● **EXERCISE**
Copy the data below exactly, but not the pictures it contains.

(Data extracted from a collection)
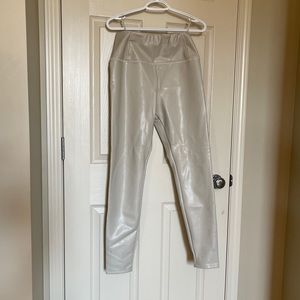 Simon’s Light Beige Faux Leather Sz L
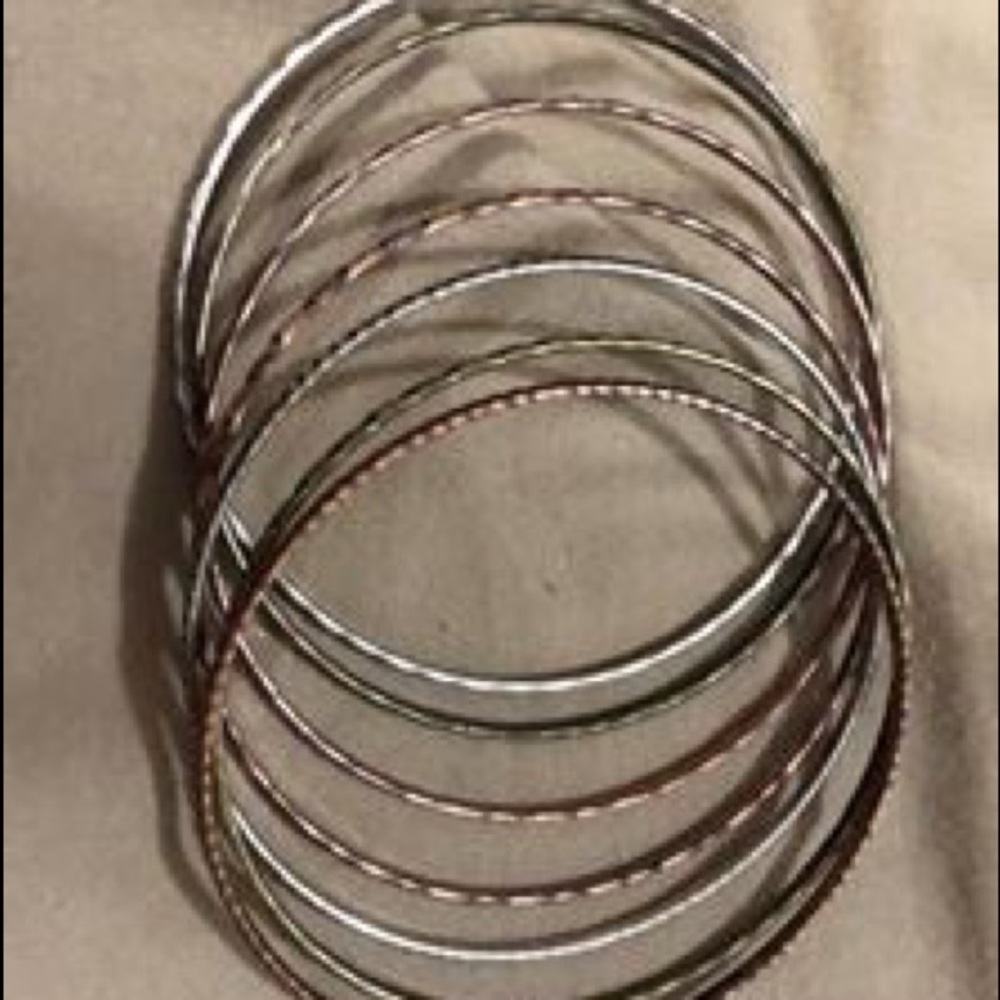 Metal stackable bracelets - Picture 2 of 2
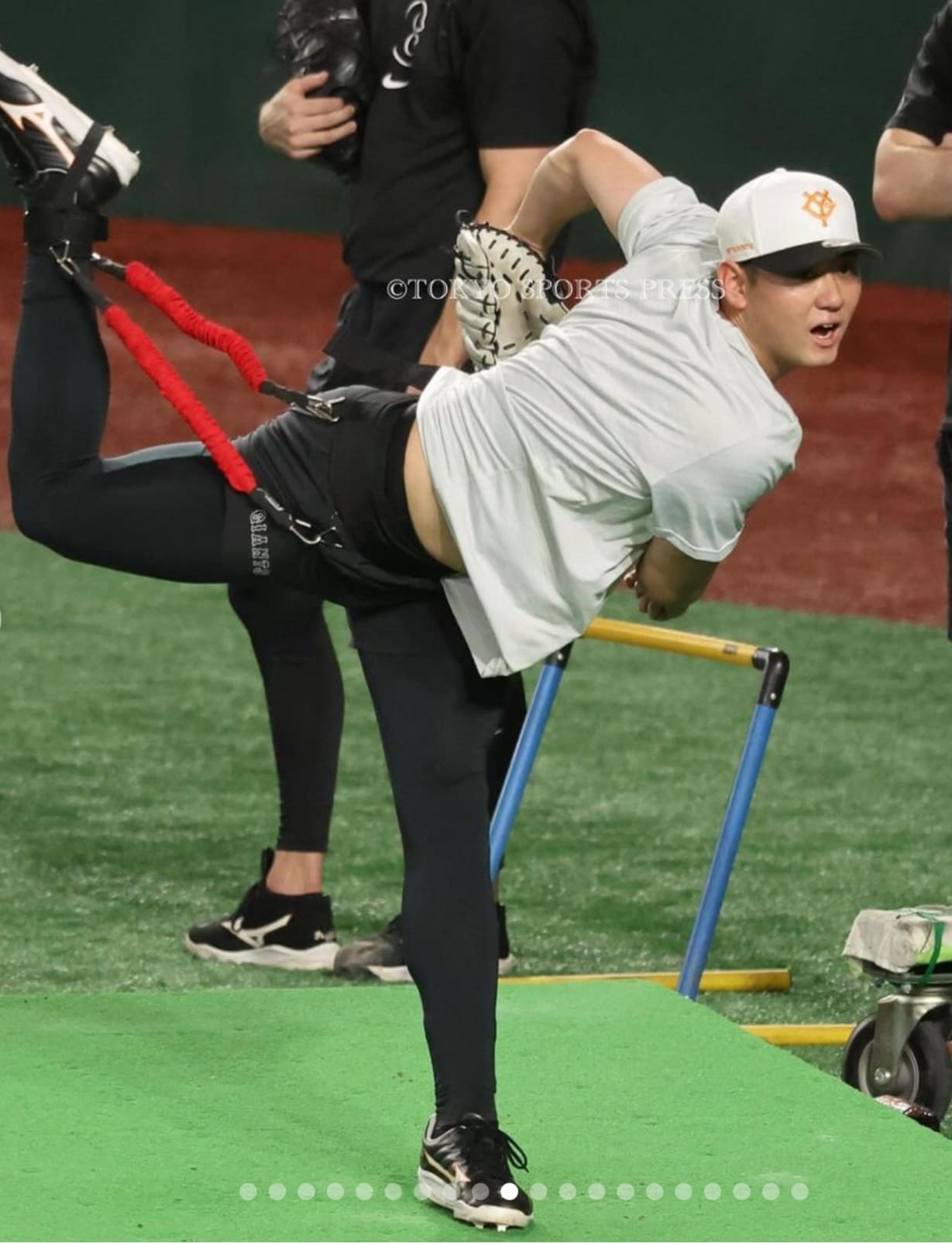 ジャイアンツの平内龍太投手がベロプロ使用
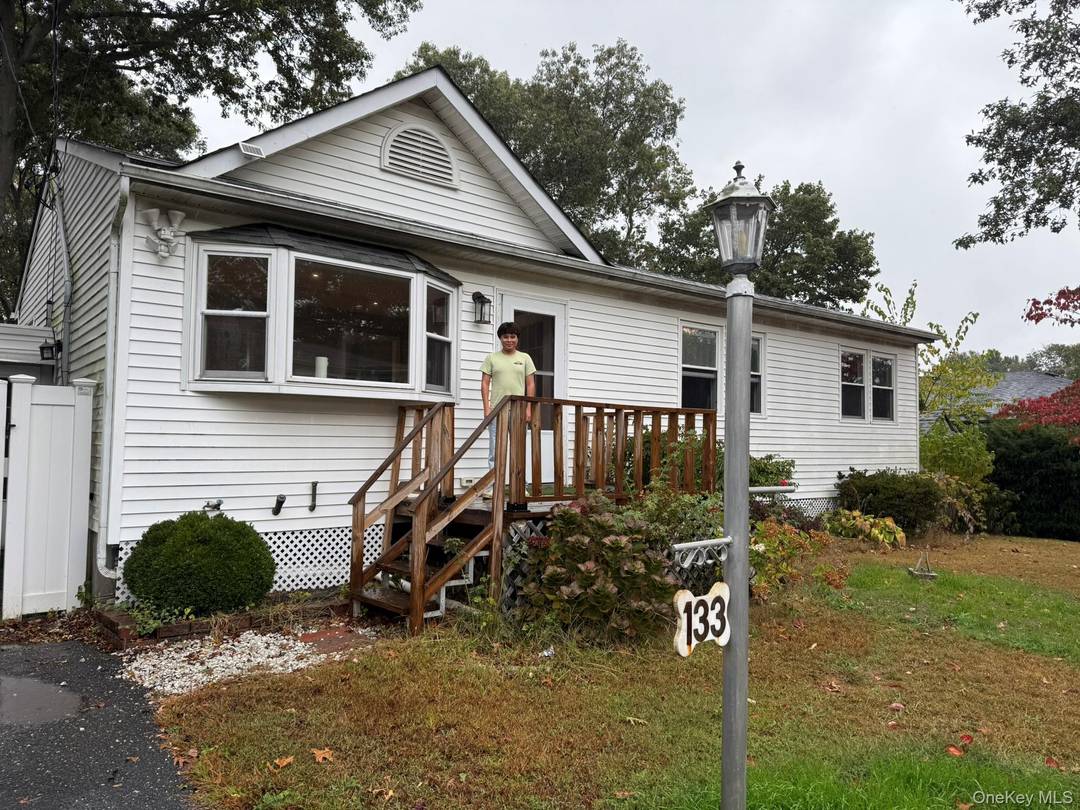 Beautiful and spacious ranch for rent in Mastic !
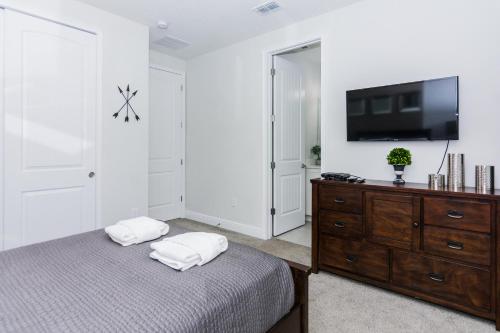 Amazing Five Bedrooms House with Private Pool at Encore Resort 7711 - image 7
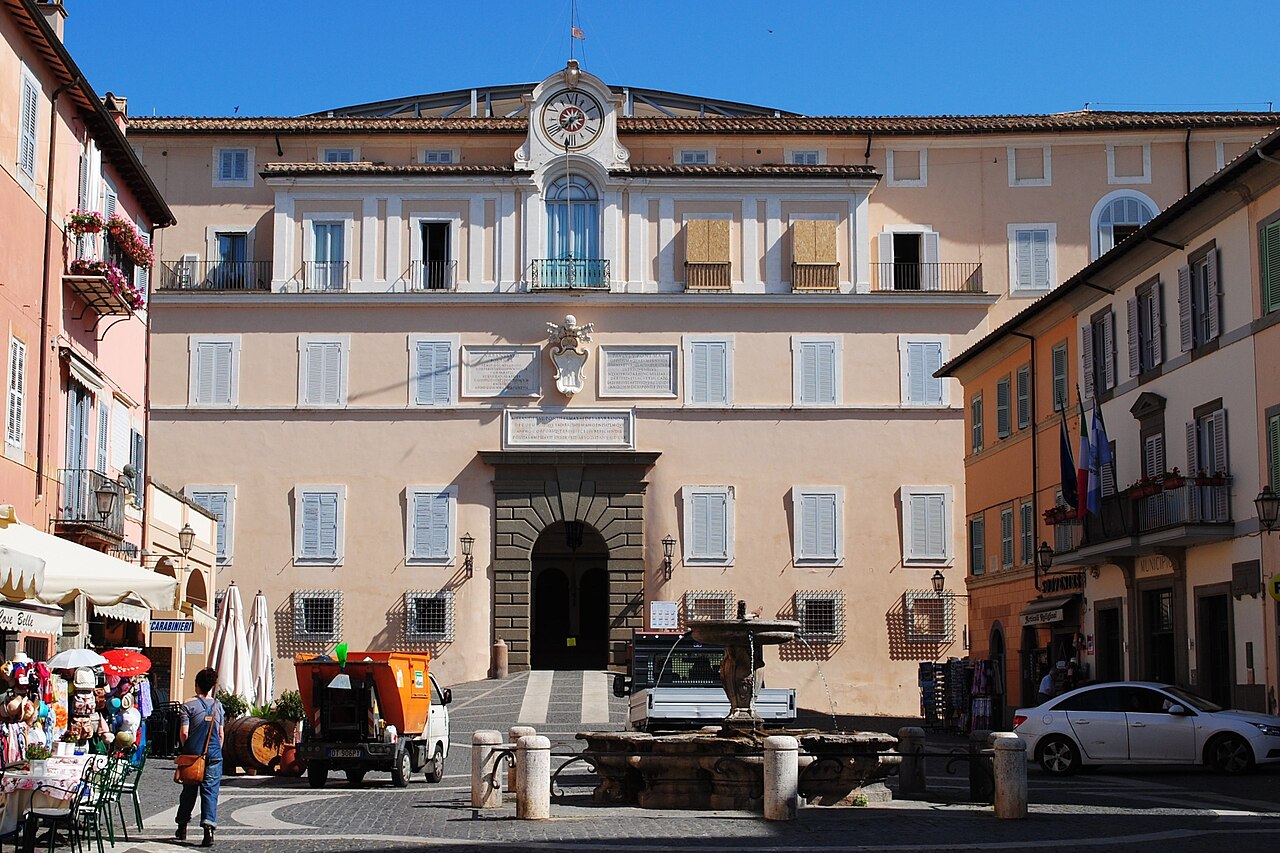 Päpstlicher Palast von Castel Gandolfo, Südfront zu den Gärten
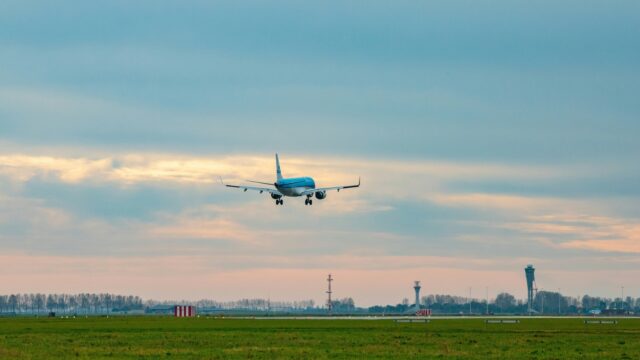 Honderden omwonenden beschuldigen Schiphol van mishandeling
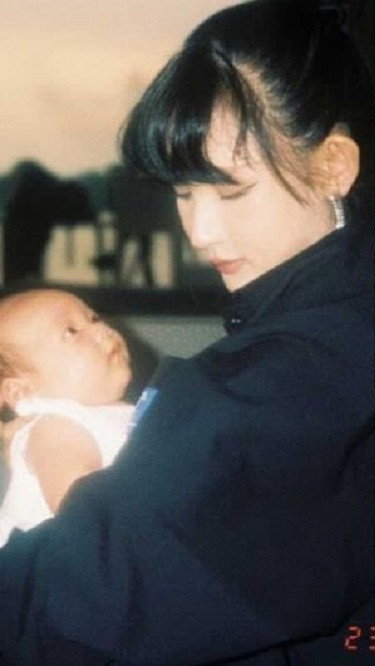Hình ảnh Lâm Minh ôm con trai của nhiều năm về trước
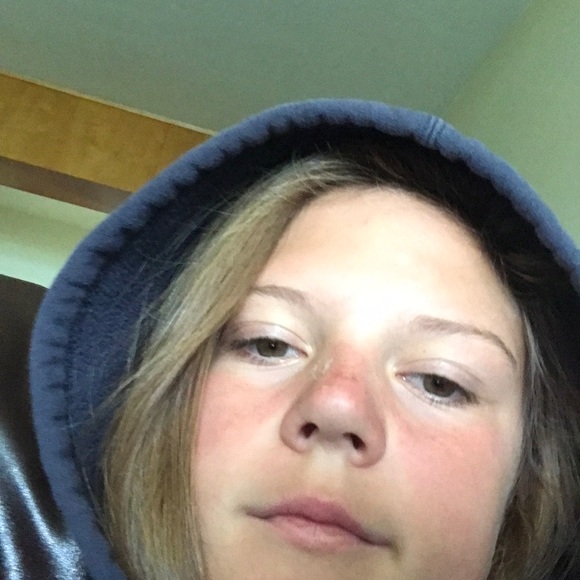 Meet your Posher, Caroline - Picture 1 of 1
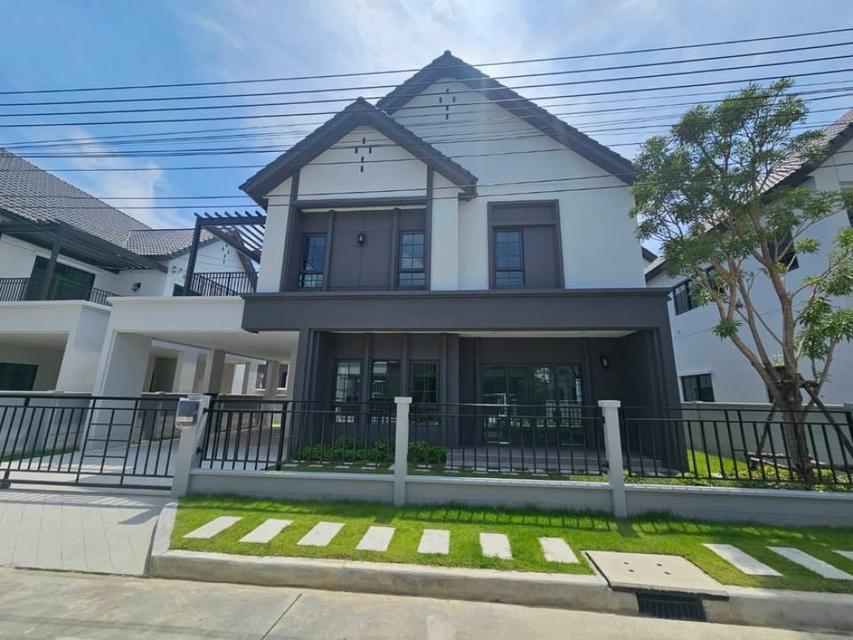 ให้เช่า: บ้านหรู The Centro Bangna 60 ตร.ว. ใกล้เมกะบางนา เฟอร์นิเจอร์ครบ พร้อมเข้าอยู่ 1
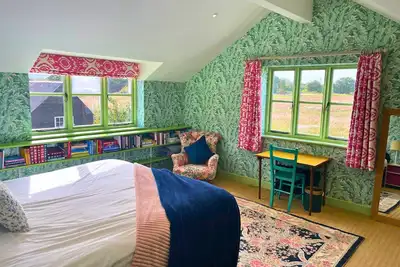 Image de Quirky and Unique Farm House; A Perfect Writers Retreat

● **PROBLEM SOLUTION**
 Simon’s Light Beige Faux Leather Sz L
 Metal stackable bracelets - Picture 2 of 2
 ジャイアンツの平内龍太投手がベロプロ使用
 Beautiful and spacious ranch for rent in Mastic !
 Amazing Five Bedrooms House with Private Pool at Encore Resort 7711 - image 7
 Päpstlicher Palast von Castel Gandolfo, Südfront zu den Gärten
 Honderden omwonenden beschuldigen Schiphol van mishandeling
Hình ảnh Lâm Minh ôm con trai của nhiều năm về trước
 Meet your Posher, Caroline - Picture 1 of 1
 ให้เช่า: บ้านหรู The Centro Bangna 60 ตร.ว. ใกล้เมกะบางนา เฟอร์นิเจอร์ครบ พร้อมเข้าอยู่ 1
 Image de Quirky and Unique Farm House; A Perfect Writers Retreat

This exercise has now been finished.